La nouvelle crise financière se profile à nouveau sur fond de récession et de bulles spéculatives. Compte tenu de l’endettement des états après que la crise de 2008 a absorbé les ressources des contribuables jusqu’aux limites, ils ne pourront plus se contenter de ponctionner les comptes des particuliers.
Ils tenteront d’imposer la ‘’nationalisation’’ des banques pour les ‘’punir’’, mais de fait, une fois de plus ce serait la nationalisation des pertes sans remettre en cause le système capitaliste. Pour autant, il faudra effectivement conserver le fonctionnement des banques, (sinon la population serait rapidement privée de ses moyens de paiement), à condition de s’en emparer pour 0€ et surtout de rendre le contrôle et l’émission de la monnaie au service public. Sinon, ce serait rester dans les griffes de l’oligarchie. C’est le seul moyen en outre de régler le problème de la dette qui n’incombe pas au peuple.
En outre, Il faut très sérieusement prendre en considération cette période cruciale et historiquement très courte dans laquelle l’opinion soutiendrait majoritairement ces décisions permettant une transition sans passer par le chaos. Ne pas être prêt, ne pas se saisir de cette opportunité serait une trahison par omission.

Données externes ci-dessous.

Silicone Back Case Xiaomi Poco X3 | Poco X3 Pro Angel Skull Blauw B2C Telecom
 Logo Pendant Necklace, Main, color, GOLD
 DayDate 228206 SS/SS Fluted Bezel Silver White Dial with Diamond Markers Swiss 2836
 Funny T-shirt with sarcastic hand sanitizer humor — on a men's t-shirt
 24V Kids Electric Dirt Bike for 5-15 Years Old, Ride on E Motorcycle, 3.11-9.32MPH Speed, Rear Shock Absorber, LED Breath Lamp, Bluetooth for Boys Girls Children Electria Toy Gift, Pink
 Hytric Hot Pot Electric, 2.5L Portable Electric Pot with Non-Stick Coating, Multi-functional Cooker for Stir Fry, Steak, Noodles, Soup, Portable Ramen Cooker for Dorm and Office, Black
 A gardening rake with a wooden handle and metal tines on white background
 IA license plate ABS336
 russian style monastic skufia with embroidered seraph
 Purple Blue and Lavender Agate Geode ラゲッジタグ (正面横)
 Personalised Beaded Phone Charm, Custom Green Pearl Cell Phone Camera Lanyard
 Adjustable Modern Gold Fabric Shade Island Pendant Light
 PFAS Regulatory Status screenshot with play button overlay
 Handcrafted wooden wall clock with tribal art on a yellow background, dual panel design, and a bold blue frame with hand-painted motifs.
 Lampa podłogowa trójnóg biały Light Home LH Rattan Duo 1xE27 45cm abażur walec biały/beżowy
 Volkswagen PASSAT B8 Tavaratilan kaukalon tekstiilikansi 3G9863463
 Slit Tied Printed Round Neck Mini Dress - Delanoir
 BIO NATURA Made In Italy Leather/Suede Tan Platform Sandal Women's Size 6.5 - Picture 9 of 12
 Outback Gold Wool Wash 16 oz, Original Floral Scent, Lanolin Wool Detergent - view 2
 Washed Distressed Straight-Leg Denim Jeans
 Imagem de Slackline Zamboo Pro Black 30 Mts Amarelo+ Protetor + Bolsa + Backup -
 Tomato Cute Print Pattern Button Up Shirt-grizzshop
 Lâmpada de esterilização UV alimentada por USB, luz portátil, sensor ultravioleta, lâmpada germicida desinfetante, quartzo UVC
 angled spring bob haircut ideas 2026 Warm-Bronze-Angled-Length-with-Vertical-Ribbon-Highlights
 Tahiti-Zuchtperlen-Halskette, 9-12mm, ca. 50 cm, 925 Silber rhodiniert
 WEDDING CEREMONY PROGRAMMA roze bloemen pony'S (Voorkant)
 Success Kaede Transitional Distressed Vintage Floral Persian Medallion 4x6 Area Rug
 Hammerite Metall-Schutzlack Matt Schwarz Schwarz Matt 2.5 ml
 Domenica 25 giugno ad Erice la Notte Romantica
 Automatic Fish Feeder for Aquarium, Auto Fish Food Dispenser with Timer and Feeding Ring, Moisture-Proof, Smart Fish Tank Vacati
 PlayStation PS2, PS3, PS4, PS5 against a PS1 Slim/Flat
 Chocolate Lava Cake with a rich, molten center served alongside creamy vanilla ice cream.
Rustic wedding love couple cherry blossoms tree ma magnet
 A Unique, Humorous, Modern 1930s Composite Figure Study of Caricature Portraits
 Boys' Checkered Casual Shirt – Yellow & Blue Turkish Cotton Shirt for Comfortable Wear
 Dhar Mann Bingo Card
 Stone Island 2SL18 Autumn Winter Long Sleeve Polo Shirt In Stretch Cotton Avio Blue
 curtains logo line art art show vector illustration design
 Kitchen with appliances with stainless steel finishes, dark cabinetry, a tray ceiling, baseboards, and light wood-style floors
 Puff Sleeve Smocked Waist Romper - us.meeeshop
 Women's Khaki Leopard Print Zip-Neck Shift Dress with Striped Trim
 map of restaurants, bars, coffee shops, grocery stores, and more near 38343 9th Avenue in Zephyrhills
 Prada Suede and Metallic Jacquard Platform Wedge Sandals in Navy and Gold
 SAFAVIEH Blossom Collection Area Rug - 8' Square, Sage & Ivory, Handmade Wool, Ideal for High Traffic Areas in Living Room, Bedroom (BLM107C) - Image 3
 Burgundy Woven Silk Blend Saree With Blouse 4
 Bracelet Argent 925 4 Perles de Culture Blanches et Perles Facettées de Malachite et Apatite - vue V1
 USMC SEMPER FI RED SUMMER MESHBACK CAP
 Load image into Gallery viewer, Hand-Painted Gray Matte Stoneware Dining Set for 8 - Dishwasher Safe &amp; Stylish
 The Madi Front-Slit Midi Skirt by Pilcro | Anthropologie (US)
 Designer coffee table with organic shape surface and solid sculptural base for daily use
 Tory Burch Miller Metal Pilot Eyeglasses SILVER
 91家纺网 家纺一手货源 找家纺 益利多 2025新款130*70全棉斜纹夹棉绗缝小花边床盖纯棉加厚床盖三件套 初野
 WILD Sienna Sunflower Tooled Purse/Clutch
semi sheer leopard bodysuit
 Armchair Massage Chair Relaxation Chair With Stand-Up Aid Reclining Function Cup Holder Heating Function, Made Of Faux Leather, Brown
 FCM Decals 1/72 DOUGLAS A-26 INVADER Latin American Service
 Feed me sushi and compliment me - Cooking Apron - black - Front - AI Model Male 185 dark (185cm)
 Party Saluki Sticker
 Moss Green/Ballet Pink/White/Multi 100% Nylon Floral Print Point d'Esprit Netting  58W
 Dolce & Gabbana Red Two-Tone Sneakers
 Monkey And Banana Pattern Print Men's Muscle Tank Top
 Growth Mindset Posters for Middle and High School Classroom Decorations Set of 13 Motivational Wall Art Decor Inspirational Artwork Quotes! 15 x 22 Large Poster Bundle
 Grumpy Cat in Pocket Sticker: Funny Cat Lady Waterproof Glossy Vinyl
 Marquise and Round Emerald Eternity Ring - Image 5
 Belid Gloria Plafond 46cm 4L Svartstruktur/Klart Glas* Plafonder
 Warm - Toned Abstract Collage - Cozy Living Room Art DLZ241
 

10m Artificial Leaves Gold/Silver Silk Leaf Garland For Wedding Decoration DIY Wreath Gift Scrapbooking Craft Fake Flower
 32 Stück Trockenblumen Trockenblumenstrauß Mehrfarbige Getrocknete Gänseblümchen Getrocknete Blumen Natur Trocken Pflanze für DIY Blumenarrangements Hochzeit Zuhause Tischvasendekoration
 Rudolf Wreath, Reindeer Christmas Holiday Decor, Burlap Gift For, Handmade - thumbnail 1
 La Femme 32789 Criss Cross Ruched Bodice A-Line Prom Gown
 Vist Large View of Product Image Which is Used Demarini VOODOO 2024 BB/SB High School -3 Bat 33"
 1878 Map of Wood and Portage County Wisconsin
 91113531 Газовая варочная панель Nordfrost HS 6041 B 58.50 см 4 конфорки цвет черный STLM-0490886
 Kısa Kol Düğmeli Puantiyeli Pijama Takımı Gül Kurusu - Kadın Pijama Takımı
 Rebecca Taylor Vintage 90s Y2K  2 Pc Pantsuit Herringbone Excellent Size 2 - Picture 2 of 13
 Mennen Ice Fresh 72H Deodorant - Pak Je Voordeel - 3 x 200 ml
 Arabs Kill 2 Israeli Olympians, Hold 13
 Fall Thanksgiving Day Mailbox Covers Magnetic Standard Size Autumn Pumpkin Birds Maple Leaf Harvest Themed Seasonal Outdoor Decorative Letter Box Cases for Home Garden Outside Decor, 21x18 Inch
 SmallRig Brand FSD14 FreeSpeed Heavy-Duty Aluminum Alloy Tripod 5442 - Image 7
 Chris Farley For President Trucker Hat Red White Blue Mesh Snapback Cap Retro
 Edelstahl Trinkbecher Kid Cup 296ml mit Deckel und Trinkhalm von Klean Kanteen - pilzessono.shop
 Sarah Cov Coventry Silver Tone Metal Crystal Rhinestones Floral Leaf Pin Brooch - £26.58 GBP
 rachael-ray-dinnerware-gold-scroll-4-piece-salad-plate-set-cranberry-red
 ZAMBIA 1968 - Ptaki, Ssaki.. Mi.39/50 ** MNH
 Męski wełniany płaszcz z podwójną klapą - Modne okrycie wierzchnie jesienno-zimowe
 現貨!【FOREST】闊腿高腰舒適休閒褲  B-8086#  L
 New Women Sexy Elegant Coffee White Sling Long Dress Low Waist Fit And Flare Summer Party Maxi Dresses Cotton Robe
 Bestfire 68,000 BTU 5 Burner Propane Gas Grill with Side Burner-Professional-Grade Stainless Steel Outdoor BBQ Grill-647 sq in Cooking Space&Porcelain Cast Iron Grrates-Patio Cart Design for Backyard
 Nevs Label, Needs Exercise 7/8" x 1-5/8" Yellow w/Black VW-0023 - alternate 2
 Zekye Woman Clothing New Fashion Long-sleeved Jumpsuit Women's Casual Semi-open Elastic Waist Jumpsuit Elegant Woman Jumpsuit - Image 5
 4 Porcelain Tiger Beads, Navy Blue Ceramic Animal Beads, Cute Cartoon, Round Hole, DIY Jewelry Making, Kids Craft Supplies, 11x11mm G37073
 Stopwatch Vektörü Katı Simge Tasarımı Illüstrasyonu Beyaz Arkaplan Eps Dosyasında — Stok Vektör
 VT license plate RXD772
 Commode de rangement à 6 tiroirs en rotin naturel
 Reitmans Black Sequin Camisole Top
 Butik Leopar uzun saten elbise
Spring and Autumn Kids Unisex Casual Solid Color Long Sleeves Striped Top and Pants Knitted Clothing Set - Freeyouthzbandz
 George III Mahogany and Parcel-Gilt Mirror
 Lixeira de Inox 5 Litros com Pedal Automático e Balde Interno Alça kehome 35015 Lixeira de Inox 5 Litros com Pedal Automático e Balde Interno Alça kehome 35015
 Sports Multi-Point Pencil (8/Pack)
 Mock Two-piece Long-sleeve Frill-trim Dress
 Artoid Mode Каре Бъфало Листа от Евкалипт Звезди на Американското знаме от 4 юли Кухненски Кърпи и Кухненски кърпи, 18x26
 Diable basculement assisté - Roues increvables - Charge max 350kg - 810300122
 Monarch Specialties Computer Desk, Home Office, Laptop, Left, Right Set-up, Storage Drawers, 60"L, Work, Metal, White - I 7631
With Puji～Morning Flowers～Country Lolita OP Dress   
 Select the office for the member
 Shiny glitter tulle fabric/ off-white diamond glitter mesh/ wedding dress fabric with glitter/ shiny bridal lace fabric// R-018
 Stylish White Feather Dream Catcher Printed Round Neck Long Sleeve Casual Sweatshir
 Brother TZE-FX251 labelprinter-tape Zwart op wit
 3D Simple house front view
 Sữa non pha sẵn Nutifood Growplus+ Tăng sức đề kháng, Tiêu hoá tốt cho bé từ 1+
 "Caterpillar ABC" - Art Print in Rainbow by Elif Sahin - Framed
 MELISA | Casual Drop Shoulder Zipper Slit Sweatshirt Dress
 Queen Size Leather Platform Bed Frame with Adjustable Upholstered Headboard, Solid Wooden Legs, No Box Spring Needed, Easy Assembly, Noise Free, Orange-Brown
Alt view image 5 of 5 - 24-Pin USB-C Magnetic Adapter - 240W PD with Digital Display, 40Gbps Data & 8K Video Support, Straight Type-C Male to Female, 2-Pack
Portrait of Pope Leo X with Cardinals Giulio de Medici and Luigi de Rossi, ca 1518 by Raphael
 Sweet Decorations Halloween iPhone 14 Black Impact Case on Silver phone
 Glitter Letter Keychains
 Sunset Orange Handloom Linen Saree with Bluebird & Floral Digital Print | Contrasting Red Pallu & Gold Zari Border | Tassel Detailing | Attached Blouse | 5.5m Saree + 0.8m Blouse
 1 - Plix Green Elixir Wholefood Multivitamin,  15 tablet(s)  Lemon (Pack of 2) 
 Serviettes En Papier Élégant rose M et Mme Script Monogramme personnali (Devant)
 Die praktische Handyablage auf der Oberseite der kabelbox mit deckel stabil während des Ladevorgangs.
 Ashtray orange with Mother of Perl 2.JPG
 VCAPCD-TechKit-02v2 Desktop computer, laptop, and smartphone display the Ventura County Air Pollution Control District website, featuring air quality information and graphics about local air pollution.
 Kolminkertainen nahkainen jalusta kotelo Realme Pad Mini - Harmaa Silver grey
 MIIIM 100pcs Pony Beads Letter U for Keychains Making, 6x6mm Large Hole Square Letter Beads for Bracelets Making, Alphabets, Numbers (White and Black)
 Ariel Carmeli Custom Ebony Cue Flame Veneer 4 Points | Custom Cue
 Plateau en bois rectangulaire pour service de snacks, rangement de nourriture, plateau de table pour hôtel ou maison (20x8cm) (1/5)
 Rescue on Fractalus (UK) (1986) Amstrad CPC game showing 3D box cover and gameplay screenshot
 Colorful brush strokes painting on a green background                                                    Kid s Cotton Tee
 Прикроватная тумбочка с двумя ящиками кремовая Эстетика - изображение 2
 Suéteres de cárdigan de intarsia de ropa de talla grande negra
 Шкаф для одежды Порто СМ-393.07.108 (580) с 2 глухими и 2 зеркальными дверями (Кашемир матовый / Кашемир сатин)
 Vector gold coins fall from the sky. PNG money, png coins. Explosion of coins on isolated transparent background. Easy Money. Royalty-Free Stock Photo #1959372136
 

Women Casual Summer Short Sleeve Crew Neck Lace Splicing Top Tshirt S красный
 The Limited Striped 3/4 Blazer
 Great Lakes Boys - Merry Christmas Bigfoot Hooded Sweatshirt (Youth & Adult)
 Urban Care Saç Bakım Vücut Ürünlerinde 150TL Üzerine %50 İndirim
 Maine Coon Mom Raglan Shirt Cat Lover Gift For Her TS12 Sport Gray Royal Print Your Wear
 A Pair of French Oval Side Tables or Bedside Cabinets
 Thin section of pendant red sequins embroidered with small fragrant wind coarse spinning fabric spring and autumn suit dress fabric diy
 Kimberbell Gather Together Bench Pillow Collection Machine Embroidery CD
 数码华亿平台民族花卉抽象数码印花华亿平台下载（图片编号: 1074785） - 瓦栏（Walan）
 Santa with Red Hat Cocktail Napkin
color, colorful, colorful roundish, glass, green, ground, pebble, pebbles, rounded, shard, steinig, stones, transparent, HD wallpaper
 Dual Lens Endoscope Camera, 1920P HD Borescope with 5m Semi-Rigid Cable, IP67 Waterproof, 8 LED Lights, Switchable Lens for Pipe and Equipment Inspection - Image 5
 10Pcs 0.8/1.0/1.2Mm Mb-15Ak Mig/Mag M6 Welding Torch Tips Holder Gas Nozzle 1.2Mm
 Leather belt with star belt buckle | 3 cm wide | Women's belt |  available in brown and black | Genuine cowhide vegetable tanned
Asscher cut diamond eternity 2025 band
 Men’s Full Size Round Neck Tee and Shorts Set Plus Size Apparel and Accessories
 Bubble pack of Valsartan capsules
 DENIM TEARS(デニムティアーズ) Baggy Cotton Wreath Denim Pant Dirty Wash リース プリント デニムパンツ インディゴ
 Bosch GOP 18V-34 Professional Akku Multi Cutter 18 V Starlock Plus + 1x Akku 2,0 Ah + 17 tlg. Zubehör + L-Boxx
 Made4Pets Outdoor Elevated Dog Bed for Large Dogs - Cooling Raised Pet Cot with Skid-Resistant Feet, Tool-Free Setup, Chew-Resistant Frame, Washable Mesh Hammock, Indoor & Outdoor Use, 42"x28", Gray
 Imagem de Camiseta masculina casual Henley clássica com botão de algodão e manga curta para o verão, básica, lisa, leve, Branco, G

Cette situation est prévisible et ne manque pas de dénonciateurs de ce risque, ni d’économistes conseilleurs des élites pour éviter d’en arriver là.

Les économistes les plus critiques du système capitaliste ne raisonnent pas en dehors du cadre existant. Ils demandent au gouvernement par exemple de séparer les banques de dépôt des banques d’affaire, de prendre des mesures qui augmentent la consommation pour diminuer la crise de ‘surproduction’, une meilleure répartition des richesses par une politique fiscale plus juste etc. De revenir en fait aux rapports de classes issus de la seconde guerre mondiale. Les plus audacieux mettent en scène autant de rapports sociaux harmonieux, en supposant que les précédents soient éradiqués, sans donner le processus pour y parvenir.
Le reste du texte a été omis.